Момент был удобный. Я вытащил руку с ножом из под одеяла и собрав все свои силы, воткнул нож в спину японца. Вытащить нож я не успел. Охнув, врач рывком поднялся, с каким-то недоумением взглянул на меня, потом хрипло закричал и в тотчас я услышал предостерегающий крик Кито. В руке японца тускло блеснул пистолет.
— Все! Конец! — как молния блеснуло у меня в голове.
Но в тот миг, неуловимо быстрым движением Кито бросилась на японца. Раздался приглушенный, едва слышный зловещий звук выстрела и я увидел, как Кито, тихо застонав, медленно упала на пол, а японец с трудом поднимал руку с пистолетом.

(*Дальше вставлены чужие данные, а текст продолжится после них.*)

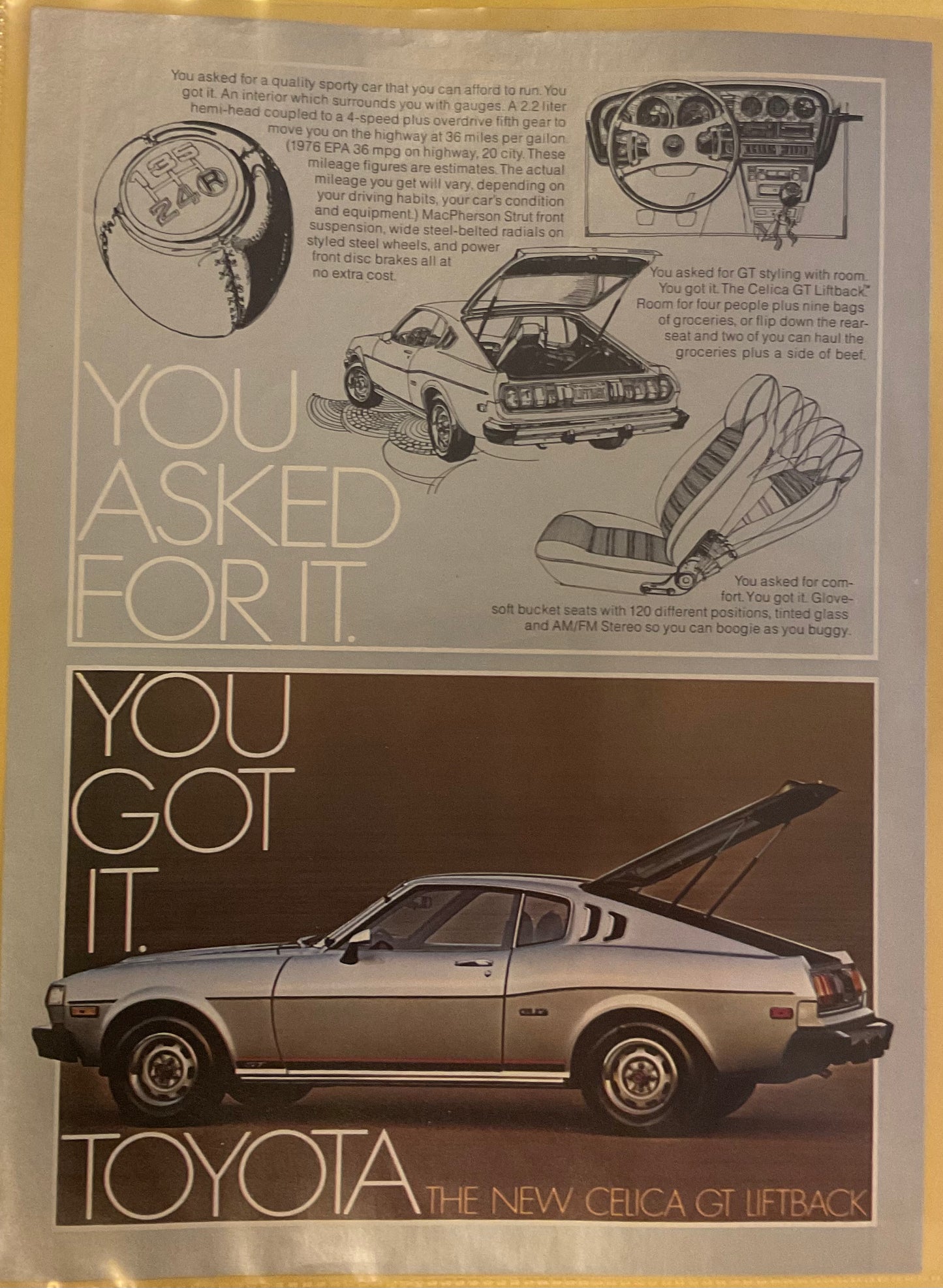 1976 Toyota Celica Liftback Magazine Ad #A269-1-2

— Не дать выстрелить! — мелькнуло сознании. Схватив тяжелый фарфоровый чайник я с силой запустил его в японца. Этого оказалось достаточно. Я попал ему в переносицу. Нелепо взмахнув руками и выронив пистолет, японец бездыханно рухнул на тело Кито. Руки и ноги тряслись у меня как у паралитика. Все тело покрылось липким потом.
— Проклятая слабость! — я вынужден был присесть на кровать, — а вдруг войдет сестра?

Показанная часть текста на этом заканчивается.